SKAT getting tougher on foreign student debt absconders

For some time now the Danish exchequer has been losing money due to foreign students leaving the country without paying back their grants

New figures from the Gældsstyrelsen debt authority, a subsidiary of the tax system SKAT, reveal that students who have studied in Denmark have absconded without repaying 389 million kroner received in SU student loans.

Some 234 million kroner is owed by students from other EU countries and, due to a loophole in EU regulations, the Danish authorities have been unable to get the money back once the students have left Denmark.

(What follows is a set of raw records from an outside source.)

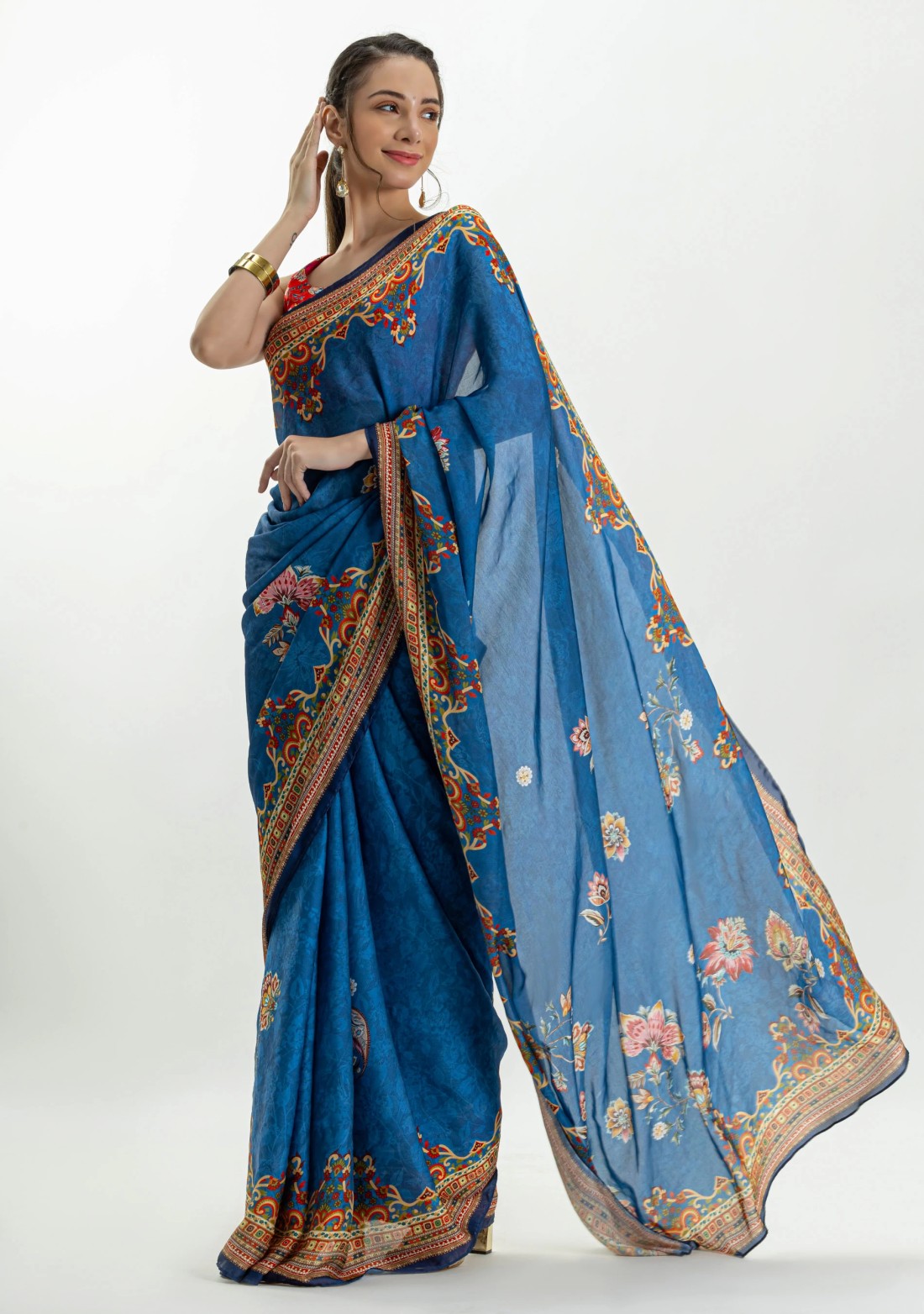 Blue Ethnic Print Lightweight Satin Georgette Saree with Unstitched Blouse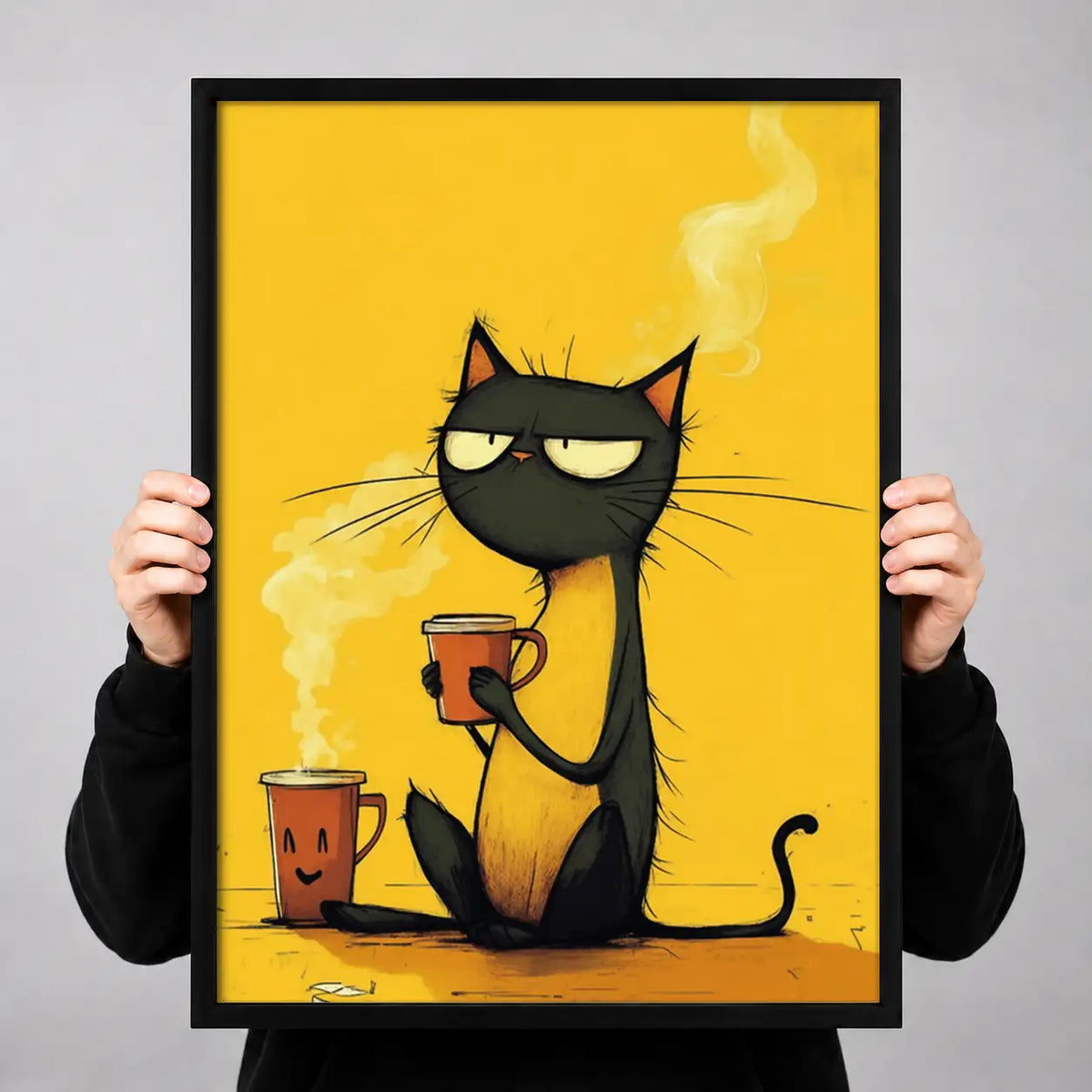 Black Cat with Steaming Red Mug Wall Art 3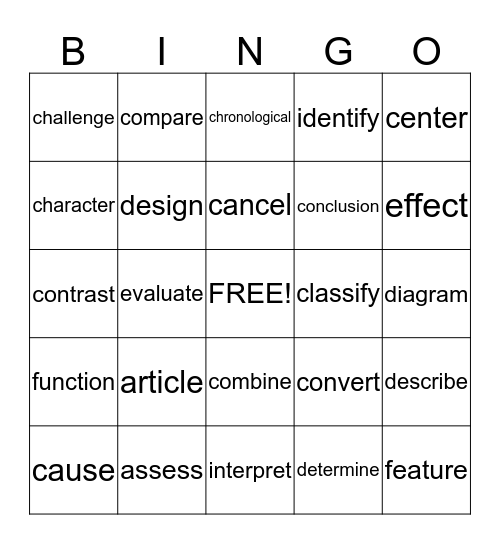 Quarter 1 Week 1-4 Bingo Card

Over the hills and far away
However, by far the largest amount – 389 million kroner – is owed by people from countries outside the EU, and that is even more difficult to claw back.

READ ALSO: Denmark unable to claim millions in foreign student debt

“Just finding an address for an SU recipient who has gone abroad can be difficult in itself. A lot of the time, they don’t have the means to pay once they’ve finished their studies,” Gældsstyrelsen’s deputy head, Ulrik Pedersen, told DR Nyheder.

“That means it could be two, three or four years before they can pay, and in that time they may have changed address two, three or four times.”

Thinking outside the box
As a consequence, Gældsstyrelsen has now decided to hire a debt-collecting agency to assist them with collections outside the EU.

In this category, citizens of Somalia, Iraq and Iran have managed to accrue debts of 50 million kroner alone.

The authority is also having to think more creatively when it comes to getting money back from EU citizens. Gældsstyrelsen intends to go to court more often because with a judgment in hand, it is easier to make use of more general EU rules.